▶ Data section

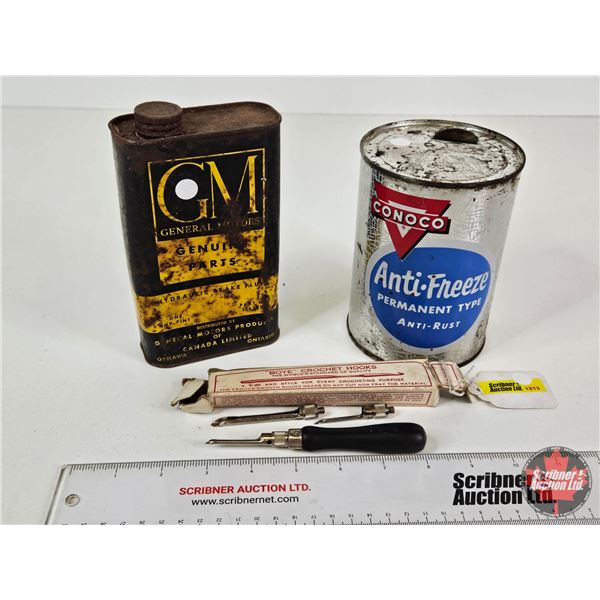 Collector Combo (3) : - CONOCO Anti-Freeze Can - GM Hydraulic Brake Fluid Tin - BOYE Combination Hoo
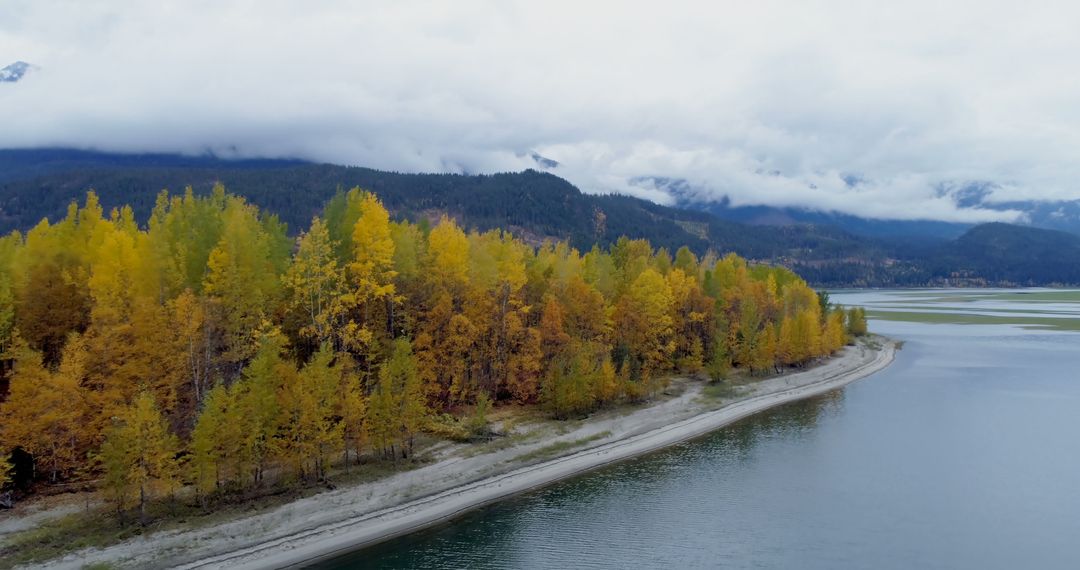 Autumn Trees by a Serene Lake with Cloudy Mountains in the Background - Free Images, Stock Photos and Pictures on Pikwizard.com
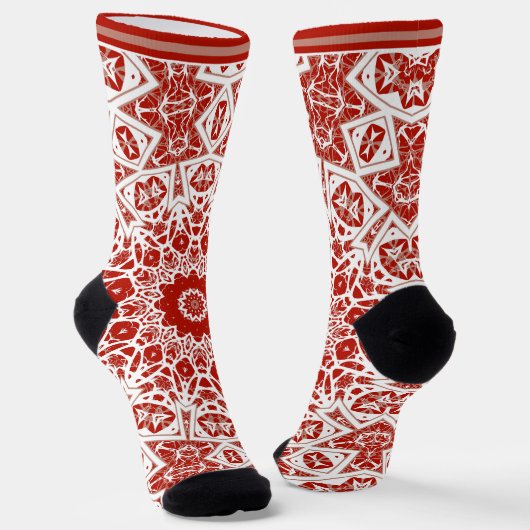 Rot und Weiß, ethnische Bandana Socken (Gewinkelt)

▶ Try it
Could you give all of the data again exactly as written, omitting any pictures?

▶ Final answer
 Collector Combo (3) : - CONOCO Anti-Freeze Can - GM Hydraulic Brake Fluid Tin - BOYE Combination Hoo
 Autumn Trees by a Serene Lake with Cloudy Mountains in the Background - Free Images, Stock Photos and Pictures on Pikwizard.com
 Rot und Weiß, ethnische Bandana Socken (Gewinkelt)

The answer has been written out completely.